Mas são estes exemplos comprovativos? Para o verificar, consideremos uma região onde a forma de luta considerada é a mais usada: a Letónia. Eis os queixumes que formula o jornal Novoié Vrémia de 21[8] e de 25[12] de Setembro acerca da actividade da social-democracia letónia. O partido Social-Democrata Operário da Letónia (ligado ao P. O. S. D. R.) publica o seu jornal regularmente com uma tiragem de 30 000 exemplares. Na parte oficial, publica listas de espiões que todo o homem honesto tem o dever de executar. Os que colaboram com a polícia são declarados «adversários da revolução» e sujeitos a execução; por outro lado, respondem também com todos os seus bens. O dinheiro destinado ao Partido Social-Democrata não deve ser depositado a não ser com a apresentação de um recibo sustentando o carimbo da organização. No último relatório do Partido, sobre 48 000 rublos de receitas para o ano, figuram 5 600 rublos entregues pela secção de Libau, para compra de armas; esta soma foi realizada por expropriação. O Novoié Vrémia vitupera furiosamente, concebe-se, contra esta «legislação revolucionária», este «governo temível».

Ninguém ousaria qualificar a actividade dos social-democratas letões de anarquismo, blanquismo, terrorismo. E porquê? Porque aqui vê-se claramente a relação entre esta nova forma de luta e a insurreição que ocorreu em Dezembro como a que se prepara de novo. Para toda a Rússia esta combinação não é tão evidente, mas existe. Não se poderia pôr em causa a extensão da luta «de guerrilhas» precisamente desde Dezembro e a sua ligação com o agravamento da crise não somente económico, mas também político. O antigo terrorismo russo era ocupação de intelectuais conspiradores; hoje em dia a luta de guerrilhas é conduzida, em geral, por militantes operários ou simplesmente por desempregados. O blanquismo e o anarquismo apresentam-se rapidamente na ideia daqueles que actuam voluntariamente segundo fórmulas feitas; mas perante uma situação insurreccional tão evidente como o é na Letónia, a impropriedade destes epitáfios salta à vista.

Pelo exemplo dos letões vê-se muito bem a que ponto esta análise, tão frequente entre nós, da guerra de guerrilha, separada da situação insurreccional, está privada de justeza, de valor científico, de sentido histórico. Ora é preciso contar com esta situação, cuidar das particularidades de um período intermédio entre as grandes revoltas; é preciso compreender quais as novas formas de luta que nascem inevitavelmente em tais períodos, e não se esquivar, recusando em bloco estes métodos com a ajuda de um vocabulário feito, igualmente usado pelos cadetes como entre as pessoas do Novoié Vrémia: anarquismo, pilhagem, crimes de elementos desqualificados!

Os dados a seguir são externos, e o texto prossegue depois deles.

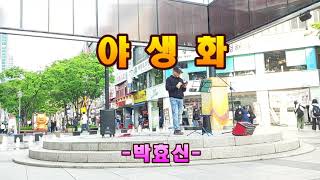 야생화 - 박효신 (`25.05.03 평촌 범계역 원형무대)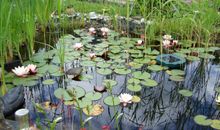 Teich im Garten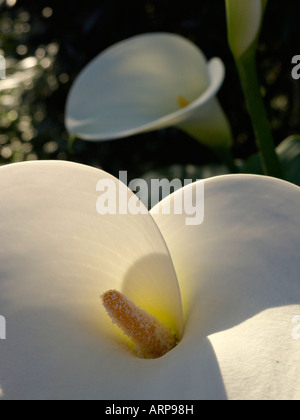 Zantedeschia aethiopica calla (or) Banque D'Images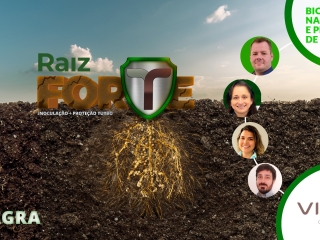 Raiz Forte Vittia - Integra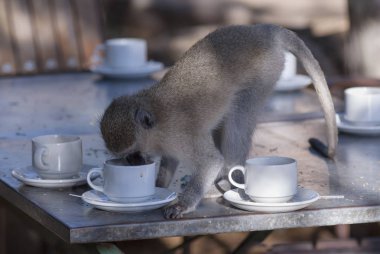 Vervet monkey, Kruger Ulusal Parkı, Güney Afrika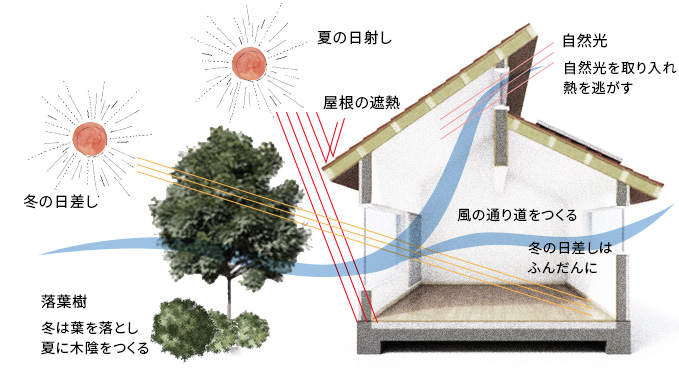 自然の恵みを取り入れる快適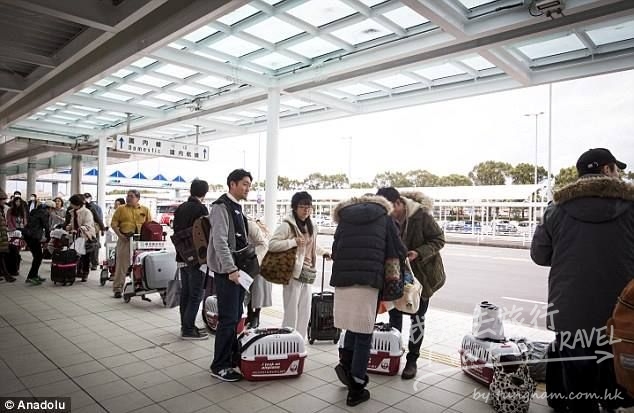 16473448_1239545206130114_554471115589692437_n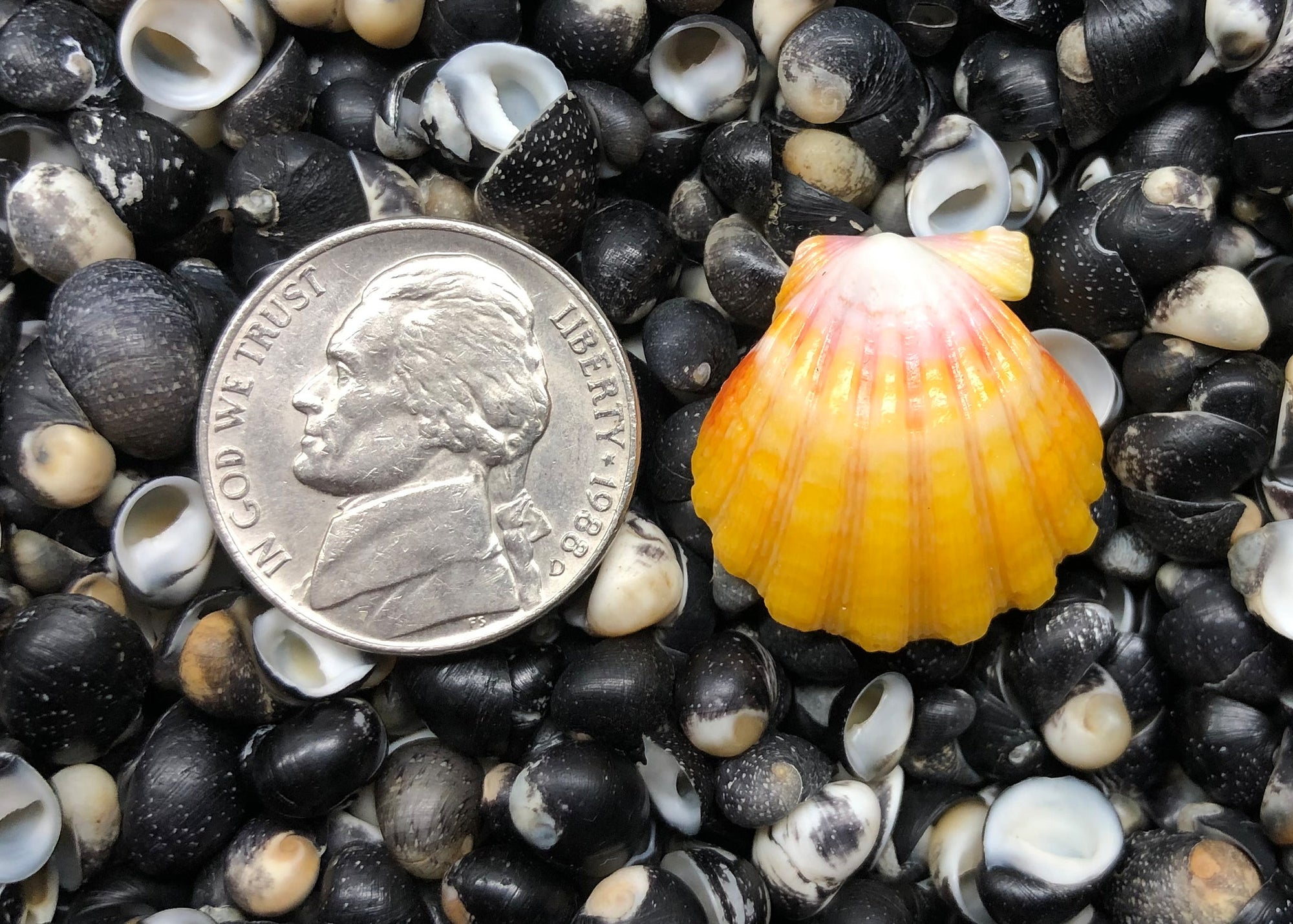 0594 single sunrise shell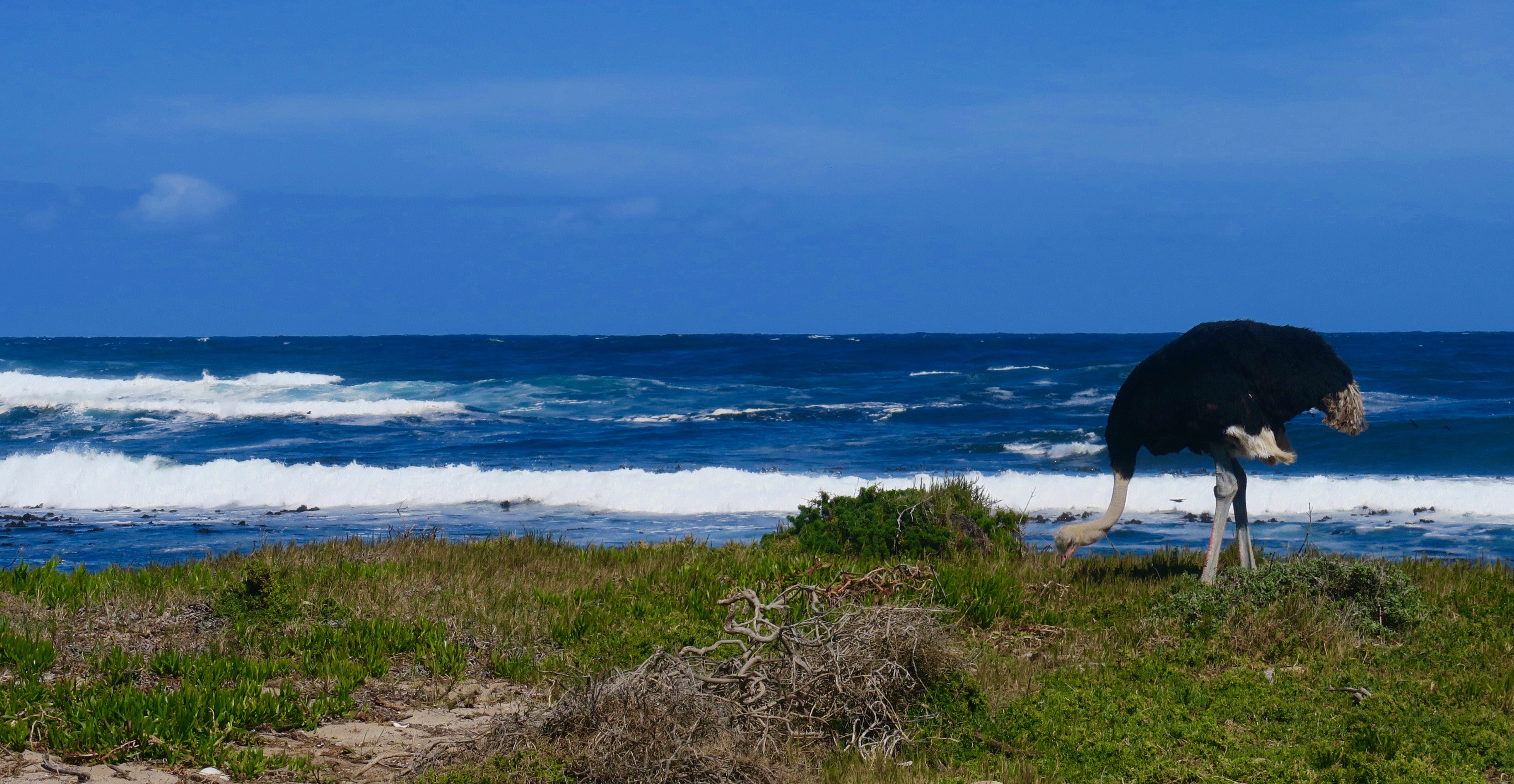 Ostrich by the Sea, Cape of Good Hope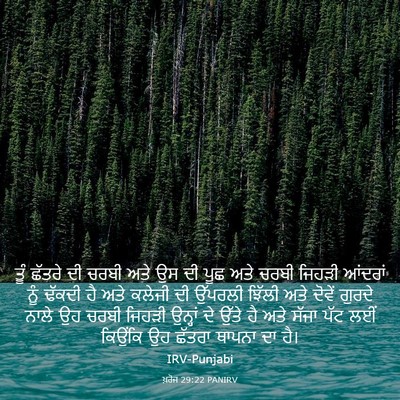 Picture 03 - ਖ਼ਰੋਜ 29:22 PANIRV - ਤੂੰ ਛੱਤਰੇ ਦੀ ਚਰਬੀ - Bible Verse Picture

Dizem-nos que os actos de guerrilha desorganizam o nosso trabalho. Apliquemos este raciocínio à situação que se seguiu a Dezembro de 1905, na época das perseguições organizadas pelos Cem-Negros e do estado de sítio. O que é que desorganiza mais o movimento numa época semelhante: a falta de resistência ou uma luta organizada de guerrilhas; comparai a Rússia central com as províncias fronteiriças do oeste, a Polónia e a Letónia. Sem dúvida alguma, a guerra de guerrilhas está muito mais difundida e mais desenvolvida no oeste. Está igualmente fora de dúvida que o movimento revolucionário em geral e o movimento social-democrata em particular estão mais desorganizados na Rússia central que nas províncias do oeste. Longe de nós, certamente, a ideia de concluir que o movimento social-democrata na Polónia e na Letónia está menos desorganizado graças à guerra de guerrilha. De maneira nenhuma. É preciso concluir somente que a guerra de guerrilhas não tem nada a ver com a desorganização do movimento operário social-democrata na Rússia, em 1906.

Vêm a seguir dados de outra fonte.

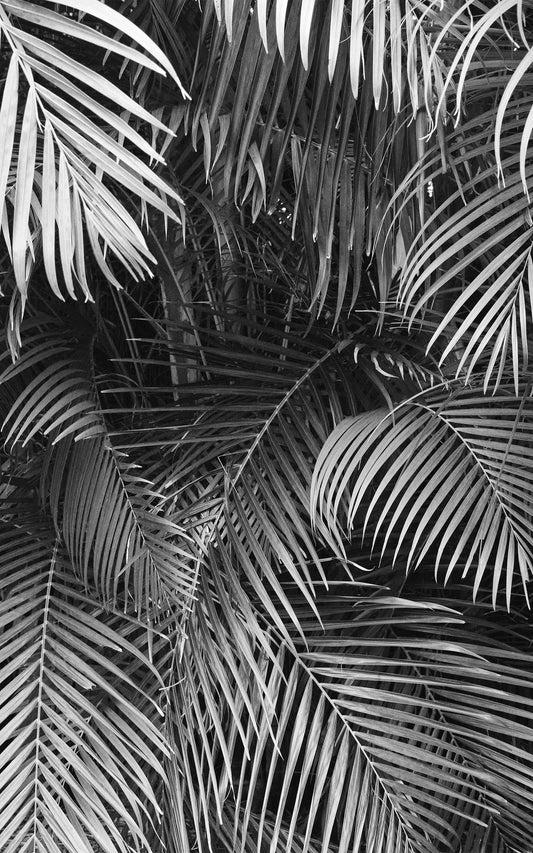 Monochromatic Palms (Portrait) - Part 1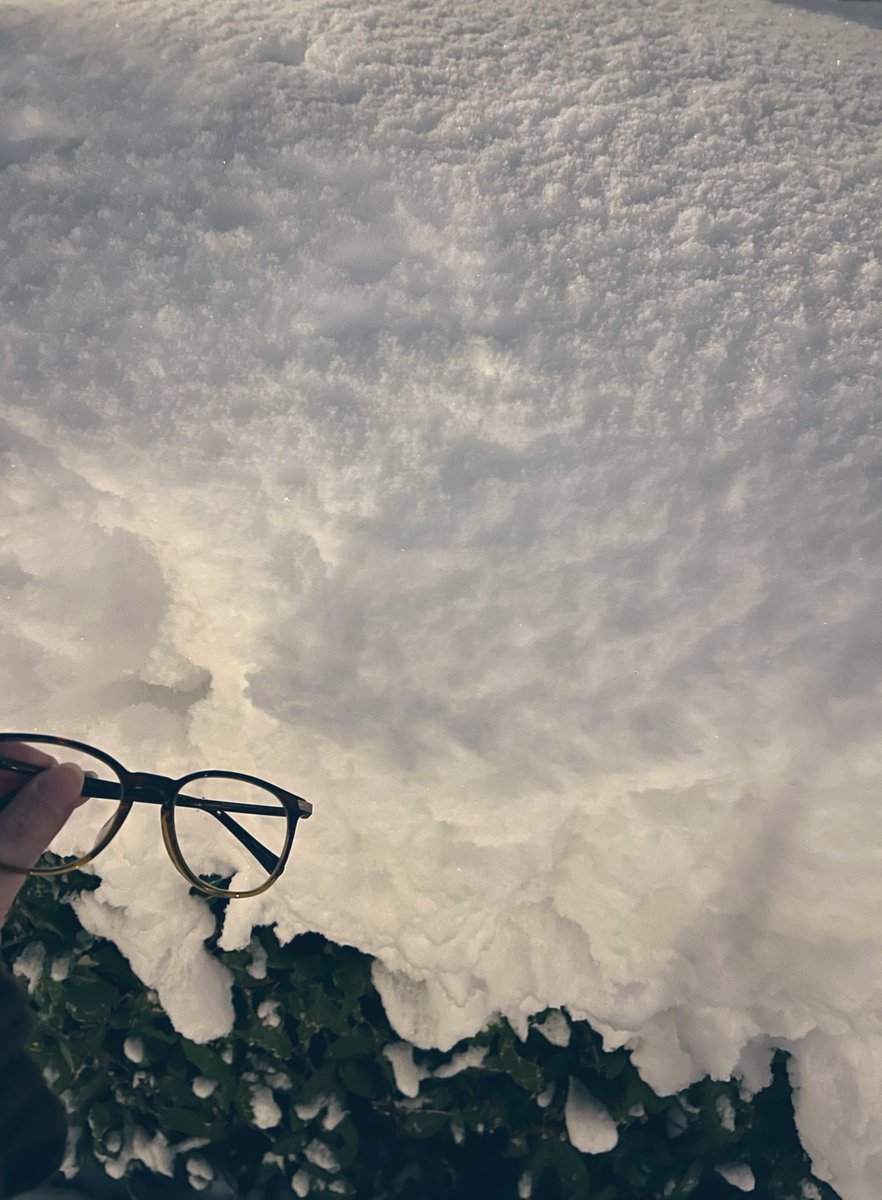 「アップしてなかった他の写真 メガネ持ってるのは一瞬で曇るので外して歩いてたらから」|やけくそチゲうどんサンバのイラスト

Invoca-se bastante frequentemente o carácter particular das condições nacionais. Mas esta alegação atraiçoa sobretudo a fraqueza da argumentação corrente. Se se trata com efeito das particularidades nacionais, então o anarquismo, o blanquismo, o terrorismo, vícios comuns a todas as partes do império, e mesmo mais especialmente às províncias de nacionalidade russa, não têm nada com isso; trata-se então de outra coisa. Examinem esta «outra coisa» de uma maneira concreta, senhores! Vereis então que a opressão nacional, ou melhor, os antagonismos de nacionalidades nada explicam, porque eles existiram sempre nas províncias do oeste, enquanto a luta de guerrilhas só apareceu no presente período histórico. Há muitas regiões onde a opressão e os antagonismos nacionais existem, sem que se verifique a luta de guerrilhas; e esta desenvolve-se por vezes em locais onde não se poderia falar de opressão nacional. A análise concreta da questão mostrará que se trata aqui não da opressão nacional mas das condições da insurreição. A guerrilha é uma forma inevitável de luta numa época em que o movimento das massas termina efectivamente na insurreição e se criam intervalos mais ou menos consideráveis entre as «grandes batalhas» no decurso da guerra civil.

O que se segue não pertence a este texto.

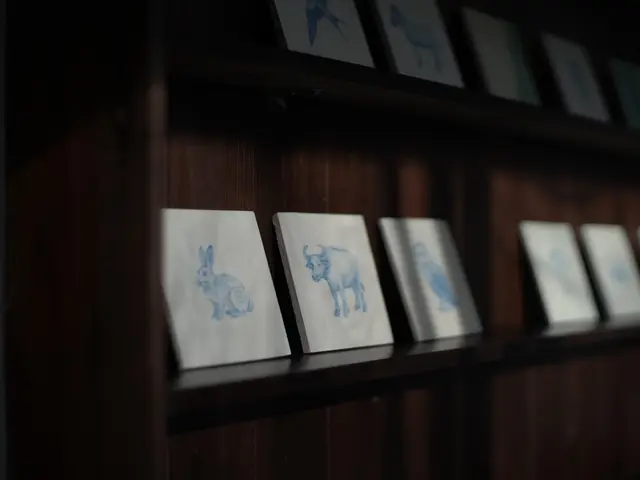 「その場の空気を感じる写真」をテーマに時間の表情までうつしとります。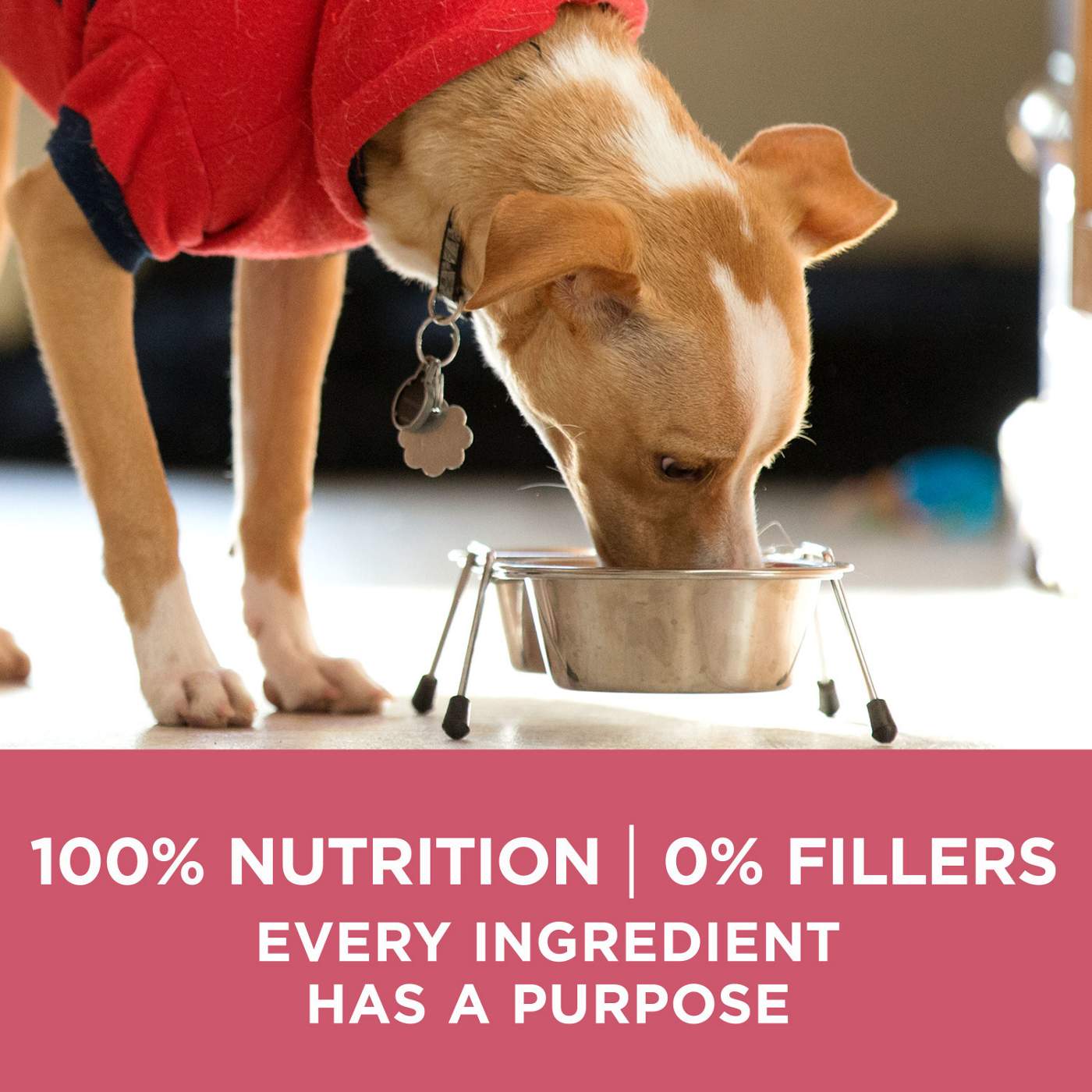 Purina ONE Purina ONE Natural, Sensitive Stomach Dry Dog Food, +Plus Skin & Coat Formula; image 5 of 7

O que desorganiza o movimento não são as acções de guerrilhas, mas a fraqueza de um partido incapaz de encarregar-se destas operações. É a razão por que a maldição que geralmente se lança, entre nós, russos, às acções de guerrilha coincide com operações deste género, mas clandestinas, acidentais, desorganizadas, e que efectivamente desorganizam o partido. Se somos incapazes de compreender as circunstâncias históricas que criam esta forma de luta, somos igualmente incapazes de lhe neutralizar as acções nocivas. Mas a luta não pára. Ela é provocada por poderosos factores económicos e políticos. Não depende de nós suprimir estes factores nem suprimir esta luta. Logo que nos lastimamos da guerra de guerrilha, lastimamo-nos na realidade da fraqueza do nosso Partido na obra insurreccional.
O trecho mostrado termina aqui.